Crawled caption data
= Beginning of Section =
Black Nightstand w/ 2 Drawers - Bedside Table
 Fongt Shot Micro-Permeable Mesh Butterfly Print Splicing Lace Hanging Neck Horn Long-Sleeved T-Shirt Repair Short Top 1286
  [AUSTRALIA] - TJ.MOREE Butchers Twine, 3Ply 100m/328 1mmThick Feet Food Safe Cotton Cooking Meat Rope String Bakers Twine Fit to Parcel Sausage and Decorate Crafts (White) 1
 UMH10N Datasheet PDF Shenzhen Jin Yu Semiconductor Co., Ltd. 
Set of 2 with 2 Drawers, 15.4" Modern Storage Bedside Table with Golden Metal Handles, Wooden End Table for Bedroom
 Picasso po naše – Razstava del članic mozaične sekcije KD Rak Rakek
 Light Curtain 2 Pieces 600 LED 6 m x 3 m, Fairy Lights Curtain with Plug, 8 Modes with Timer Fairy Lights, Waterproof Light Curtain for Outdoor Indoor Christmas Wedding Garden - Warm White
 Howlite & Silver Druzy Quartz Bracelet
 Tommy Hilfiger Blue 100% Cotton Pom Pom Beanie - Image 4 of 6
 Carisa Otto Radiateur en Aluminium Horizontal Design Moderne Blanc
= End of Section =
### Exercise
Beginning at the line with "Howlite & Silver Druzy Quartz Bracelet" and ending at the last line of the entries, print every line exactly.

### Your response
 Howlite & Silver Druzy Quartz Bracelet
 Tommy Hilfiger Blue 100% Cotton Pom Pom Beanie - Image 4 of 6
 Carisa Otto Radiateur en Aluminium Horizontal Design Moderne Blanc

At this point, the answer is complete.